Location: Soil and Water Management ResearchTitle: Wireless canopy sensing network systems for automated control of irrigation and water use efficiency Author
Submitted to: Meeting Abstract
Publication Type: Abstract Only
Publication Acceptance Date: 8/16/2013
Publication Date: 9/8/2013
Citation: Oshaughnessy, S.A., Evett, S.R., Colaizzi, P.D. 2013. Wireless canopy sensing network systems for automated control of irrigation and water use efficiency[abstract] Automated methods for continuous measurements agro climatalogy and forestry workshop, Ben Gurion University, Israel, September 7-12, 2013.p. 7. Interpretive Summary:
Technical Abstract: Ground-based instrumentation for plant canopy sensing (infrared thermometry and spectral reflectance sensors) has been used extensively in agriculture to monitor crop status. Typically, measurements are accomplished with handheld or vehicle mounted instrumentation during limited periods of a day, and a growing season. However, with the arrival of wireless sensor network systems, it is possible to accomplish continuous crop canopy monitoring over daylight hours throughout a growing season. Coupling wireless plant canopy sensing network systems with mechanical move variable rate irrigation (VRI) systems allows for supervisory control and data acquisition (SCADA) to accomplish site-specific irrigation control over a large-size field.
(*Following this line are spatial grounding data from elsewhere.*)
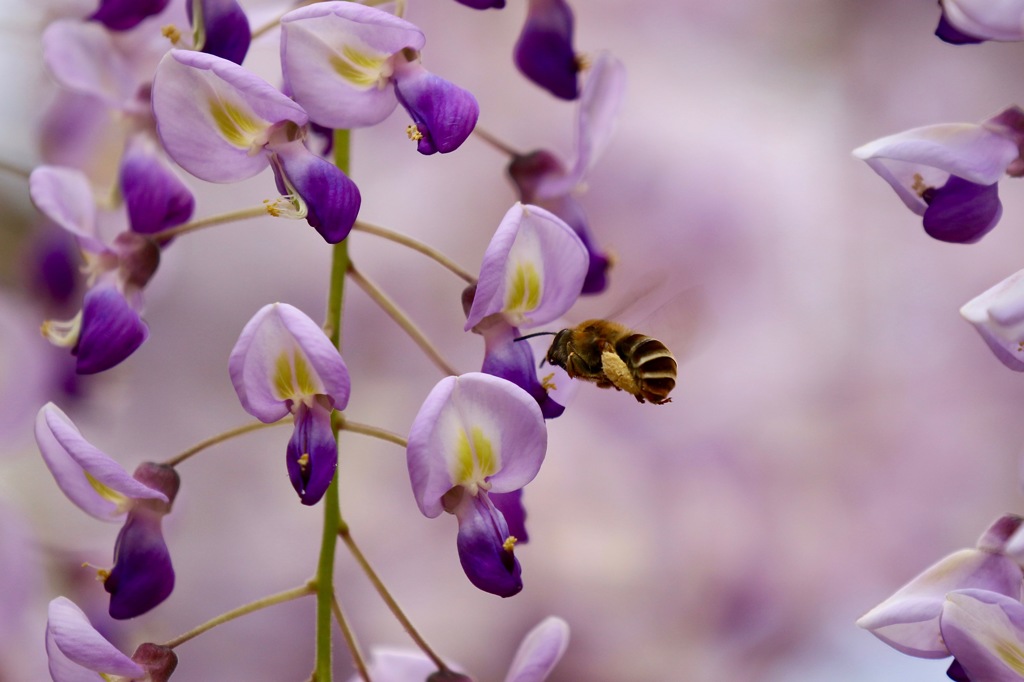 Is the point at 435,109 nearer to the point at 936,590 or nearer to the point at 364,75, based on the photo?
the point at 364,75

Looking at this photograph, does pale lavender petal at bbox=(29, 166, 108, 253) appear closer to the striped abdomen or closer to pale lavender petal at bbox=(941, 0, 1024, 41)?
the striped abdomen

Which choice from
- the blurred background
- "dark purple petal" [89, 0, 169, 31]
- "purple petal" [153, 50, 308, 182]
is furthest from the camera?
the blurred background

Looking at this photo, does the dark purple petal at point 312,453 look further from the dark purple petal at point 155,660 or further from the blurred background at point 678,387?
the blurred background at point 678,387

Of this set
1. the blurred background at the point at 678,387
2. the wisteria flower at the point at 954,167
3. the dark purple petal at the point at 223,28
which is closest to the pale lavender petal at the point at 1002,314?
the wisteria flower at the point at 954,167

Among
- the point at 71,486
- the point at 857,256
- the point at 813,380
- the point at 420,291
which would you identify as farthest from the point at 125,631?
the point at 857,256

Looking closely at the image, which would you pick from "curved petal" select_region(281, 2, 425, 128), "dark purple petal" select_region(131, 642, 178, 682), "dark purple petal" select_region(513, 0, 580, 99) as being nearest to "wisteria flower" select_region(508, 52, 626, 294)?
"dark purple petal" select_region(513, 0, 580, 99)

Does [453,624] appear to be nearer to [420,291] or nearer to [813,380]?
[420,291] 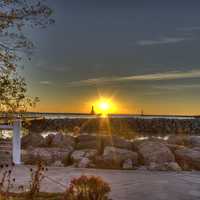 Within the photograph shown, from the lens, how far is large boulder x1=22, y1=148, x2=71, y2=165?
386 inches

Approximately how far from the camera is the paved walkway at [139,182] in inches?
229

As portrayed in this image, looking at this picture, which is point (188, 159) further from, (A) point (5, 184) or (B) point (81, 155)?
(A) point (5, 184)

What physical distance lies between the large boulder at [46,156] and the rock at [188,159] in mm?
3124

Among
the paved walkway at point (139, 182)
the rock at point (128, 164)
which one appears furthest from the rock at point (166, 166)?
the paved walkway at point (139, 182)

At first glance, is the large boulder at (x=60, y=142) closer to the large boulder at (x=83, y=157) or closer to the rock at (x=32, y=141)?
the rock at (x=32, y=141)

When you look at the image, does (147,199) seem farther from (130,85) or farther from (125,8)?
(130,85)

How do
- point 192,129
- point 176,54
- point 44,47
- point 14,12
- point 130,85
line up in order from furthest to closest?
point 192,129, point 130,85, point 176,54, point 44,47, point 14,12

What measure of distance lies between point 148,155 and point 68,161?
7.28 feet

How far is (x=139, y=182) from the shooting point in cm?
668

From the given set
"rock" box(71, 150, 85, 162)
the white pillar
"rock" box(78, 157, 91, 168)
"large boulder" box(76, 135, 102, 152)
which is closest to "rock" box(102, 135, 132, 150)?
"large boulder" box(76, 135, 102, 152)

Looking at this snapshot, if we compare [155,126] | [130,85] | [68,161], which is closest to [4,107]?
[68,161]

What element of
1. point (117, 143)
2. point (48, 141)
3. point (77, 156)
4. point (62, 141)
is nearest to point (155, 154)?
point (77, 156)

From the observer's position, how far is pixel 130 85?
2177 cm

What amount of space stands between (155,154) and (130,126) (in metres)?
39.4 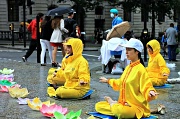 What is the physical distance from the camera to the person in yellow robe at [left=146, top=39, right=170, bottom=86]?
9.75 m

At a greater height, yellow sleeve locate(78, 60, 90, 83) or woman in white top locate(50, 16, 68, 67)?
woman in white top locate(50, 16, 68, 67)

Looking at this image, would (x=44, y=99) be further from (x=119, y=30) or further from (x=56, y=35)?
(x=56, y=35)

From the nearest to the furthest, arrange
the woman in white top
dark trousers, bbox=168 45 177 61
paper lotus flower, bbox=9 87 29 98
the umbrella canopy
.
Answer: paper lotus flower, bbox=9 87 29 98 < the umbrella canopy < the woman in white top < dark trousers, bbox=168 45 177 61

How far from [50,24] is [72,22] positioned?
1.13 meters

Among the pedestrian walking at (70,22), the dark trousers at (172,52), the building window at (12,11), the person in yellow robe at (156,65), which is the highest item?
the building window at (12,11)

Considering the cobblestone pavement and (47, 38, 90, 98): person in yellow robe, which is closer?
the cobblestone pavement

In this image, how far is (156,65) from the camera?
10062 millimetres

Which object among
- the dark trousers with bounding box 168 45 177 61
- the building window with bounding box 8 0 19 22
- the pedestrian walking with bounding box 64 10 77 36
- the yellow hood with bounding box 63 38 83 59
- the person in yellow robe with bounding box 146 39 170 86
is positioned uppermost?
the building window with bounding box 8 0 19 22

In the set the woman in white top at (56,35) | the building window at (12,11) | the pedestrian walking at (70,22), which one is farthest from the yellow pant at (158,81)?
the building window at (12,11)

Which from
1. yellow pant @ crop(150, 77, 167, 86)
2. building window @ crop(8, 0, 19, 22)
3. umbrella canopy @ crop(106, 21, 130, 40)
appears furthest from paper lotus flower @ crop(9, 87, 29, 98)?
building window @ crop(8, 0, 19, 22)

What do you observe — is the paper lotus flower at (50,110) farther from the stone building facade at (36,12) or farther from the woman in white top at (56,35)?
the stone building facade at (36,12)

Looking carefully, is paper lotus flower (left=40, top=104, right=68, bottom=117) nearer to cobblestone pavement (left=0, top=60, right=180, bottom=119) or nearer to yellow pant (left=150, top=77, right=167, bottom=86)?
cobblestone pavement (left=0, top=60, right=180, bottom=119)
This presentation will provide an overview of fundamental components of our SCADA system for crop irrigation management, and the benefits of continuous spatial and temporal crop monitoring. Essential components include pertinent radio frequency communication protocols, network architecture, wireless sensor nodes, moving mechanical variable rate irrigation systems, and algorithms for temperature scaling and irrigation scheduling. Direct benefits from wireless canopy sensing SCADA systems include automated control of crop water use efficiency, a tool for spatial and temporal monitoring of abiotic and biotic crop stress, dynamic prescription map building to address within-field temporal variability, and a method to predict seasonal crop yield.